Pollsters Predict Razor-Thin Margin in Presidential Race
As the presidential race comes down to the wire, both Sen. John McCain, D-Ariz., and Sen. Barack Obama, D-Ill., will literally be counting on every single vote. Pollsters predict that the popular vote count between the two candidates will be razor thin in this historic race, as it was in the previous two presidential elections. With the voter registration deadline for the District less than two weeks away, political groups are pushing to get the 17 percent of adult residents who are not yet registered to vote.
Washington has an estimated 466,000 residents who are of voting age, according to U.S. Census Bureau. The D.C. Board of Elections and Ethics reports that 388,127 voters were registered, as of Aug. 11, for the upcoming general election in which the ballot not only counts the historic presidential race but also local races. This year’s number of registered voters is about 20,000 higher than 2004’s election total for the same time frame. “We have council races in four wards,” said Dan Murphy, public information officer for D.C.’s election board. “There will be local races for congressional seats and for the city’s various Advisory Neighborhood Commissioners as well.” (Click here for election results for the Sept. 9 local primaries.)

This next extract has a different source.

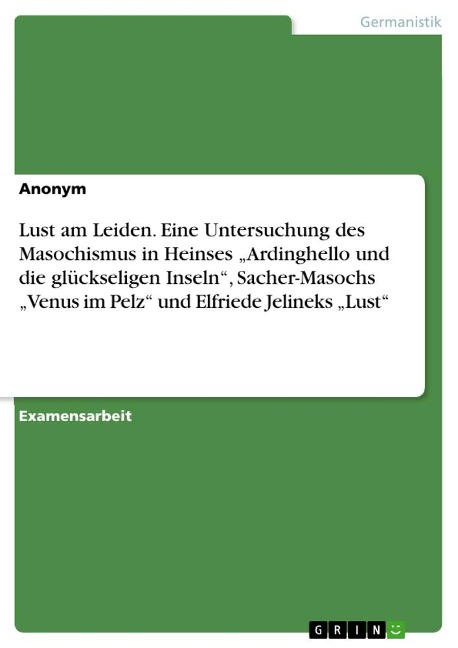 Lust am Leiden. Eine Untersuchung des Masochismus in Heinses ¿Ardinghello und die glückseligen Inseln¿, Sacher-Masochs ¿Venus im Pelz¿ und Elfriede Jelineks ¿Lust¿ - Anonymous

The District’s deadline to vote in the Nov. 4 general election is Oct. 6. Murphy says that the easiest way to register before that deadline is online at http://www.dcboee.org. Each state has its own voter registration deadline dates. Voters casting ballots outside of the District must check with their state’s respective board of elections.
On the Web site for D.C.’s election board, voters are able to handle not only voter registration-related matters but also find other invaluable information such as locations of polling places, as well as election and candidate information. To be counted on the final voter rolls, simply registering online isn’t sufficient. A copy of the registration must be printed, signed and mailed in as well. Murphy says that federal law requires original signatures. According to the board of elections, a resident must be at least 18 years of age by Nov. 4 and a U.S. citizen to register to vote in Washington. Mail-in voter registration forms are available at public buildings such as libraries and community centers. Residents can also register in person at the board’s office at 441 4th St. N.W., Suite 250 North. Registered voters who are legitimately unable to make it to a polling station at election can request an absentee ballot. “You can request an absentee ballot on our Web site or send a letter requesting one,” Murphy said. “The last day to request a ballot is Tuesday, Oct. 28.” The deadline for in-person absentee voting is 4:45 p.m. on Nov. 3, the day before election day. Registered voters do not need to re-register unless pertinent information has changed since the last election such party affiliation, address or name. Murphy shares that most voters do not need an ID to vote in D.C. on election day. Only a signature, which will be verified, is required. A false signature will be met with a perjury charge, he said.
Federal law requires identification for first-time voters and voters who mailed in their registration. Examples of an acceptable identification at polling places include valid photo identification or a copy of a current utility bill, bank statement, paycheck stub or some other government document that confirms the voter’s name and address. “Voters that have not participated in previous elections may have fell off the active list of voters,” Murphy said. “An extra step is required when you get there.” Rev. Lennox Yearwood, president of the non-profit Hip Hop Caucus, is spearheading a voter registration campaign aimed at the hundreds of thousands of ex-felons and non-college educated young adults who are not registered. Much like Sean “Diddy” Comb’s high-profile 2004 “Vote or Die” campaign, which Yearwood helped organize, his “Respect My Vote” campaign is also using a public figure to get the word out about the importance of registering. This time, rap superstar T.I. is the face of the campaign. The reverend wants ex-felons to know that they are not barred from voting in Washington. Swing states Virginia, Nevada, Florida and 10 others have laws that bar their citizens with felony records from voting. “This is not the case in some states like Virginia, unfortunately, but many citizens that have felonies on their records are able to in D.C. and Maryland,” Yearwood said. He, too, urges voters to go online to register. His organization set up a link on its Web site, http://www.hiphopcaucus.org, where people can register. The Hip Hop Caucus not only delivers applications to local boards of elections, but it also automatically reminds registrants to vote. “We follow up with them,” Yearwood said. “That’s our job. We follow up with them to make sure they made it on the voter rolls. We remind them using text, emails, whatever it take to ensure voter turnout.”